Agency: European Commission | Branch: H2020 | Program: RIA | Phase: SC1-PM-01-2016 | Award Amount: 15.04M | Year: 2017
The complex interactions between genetic and non-genetic factors produce heterogeneities in patients as reflected in the diversity of pathophysiology, clinical manifestations, response to therapies, disease development and progression. Yet, the full potential of personalized medicine entails biomarker-guided delivery of efficient therapies in stratified patient populations. MultipleMS will therefore develop, validate, and exploit methods for patient stratification in Multiple Sclerosis, a chronic inflammatory disease and a leading causes of non-traumatic disability in young adults, with an estimated cost of 37 000 per patient per year over a duration of 30 years. Here we benefit from several large clinical cohorts with multiple data types, including genetic and lifestyle information. This in combination with publically available multi-omics maps enables us to identify biomarkers of the clinical course and the response to existing therapies in a real-world setting, and to gain in-depth knowledge of distinct pathogenic pathways setting the stage for development of new interventions. To create strategic global synergies, MultipleMS includes 21 partners and covers not only the necessary clinical, biological, and computational expertise, but also includes six industry partners ensuring dissemination and exploitation of the methods and clinical decision support system.
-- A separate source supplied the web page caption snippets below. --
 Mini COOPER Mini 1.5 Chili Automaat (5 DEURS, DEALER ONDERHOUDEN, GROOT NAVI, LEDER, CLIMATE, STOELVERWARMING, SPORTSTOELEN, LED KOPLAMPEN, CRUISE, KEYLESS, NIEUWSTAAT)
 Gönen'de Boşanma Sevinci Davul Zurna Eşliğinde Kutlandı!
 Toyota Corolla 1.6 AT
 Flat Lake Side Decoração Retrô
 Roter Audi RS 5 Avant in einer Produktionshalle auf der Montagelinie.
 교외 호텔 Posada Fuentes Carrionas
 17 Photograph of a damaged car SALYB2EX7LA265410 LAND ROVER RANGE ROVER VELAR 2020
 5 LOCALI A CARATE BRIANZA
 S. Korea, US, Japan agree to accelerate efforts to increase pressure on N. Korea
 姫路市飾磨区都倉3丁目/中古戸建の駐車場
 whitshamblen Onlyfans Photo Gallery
Moreover, the pharmaceutical industry partners provide expertise to ensure optimal selection and validation of clinically relevant biomarkers and new targets. Our conceptual personalized approach can readily be adapted to other immune-mediated diseases with a complex gene-lifestyle background and broad clinical spectrum with heterogeneity in treatment response. MultipleMS therefore goes significantly beyond current state-of-the-art thereby broadly affecting European policies, healthcare systems, innovation in translating big data and basic research into evidence-based personalized clinical applications.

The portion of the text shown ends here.